▸ **Material provided**
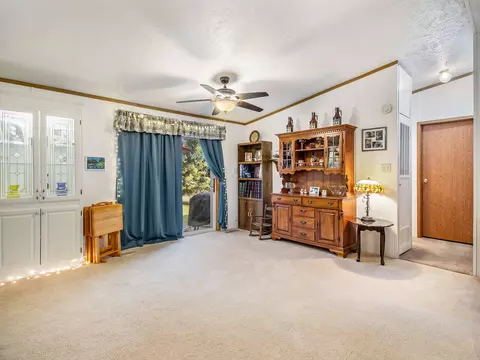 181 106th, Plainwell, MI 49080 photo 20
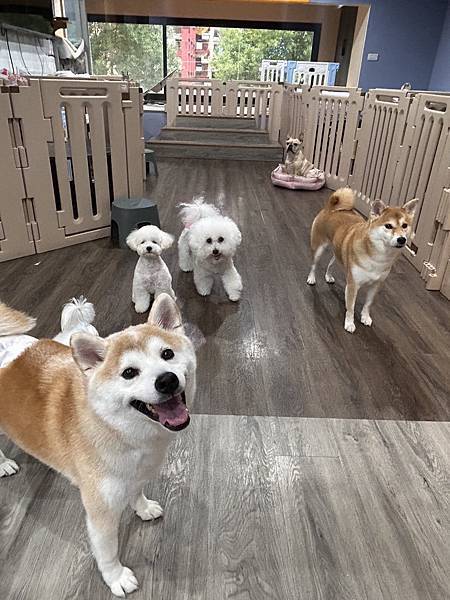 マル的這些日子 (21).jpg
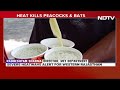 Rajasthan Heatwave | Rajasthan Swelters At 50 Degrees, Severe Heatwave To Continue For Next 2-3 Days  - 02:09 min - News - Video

▸ **Exercise aim**
Repeat the material above verbatim. Leave the pictures behind.

▸ **Response to the task**
 181 106th, Plainwell, MI 49080 photo 20
 マル的這些日子 (21).jpg
 Rajasthan Heatwave | Rajasthan Swelters At 50 Degrees, Severe Heatwave To Continue For Next 2-3 Days  - 02:09 min - News - Video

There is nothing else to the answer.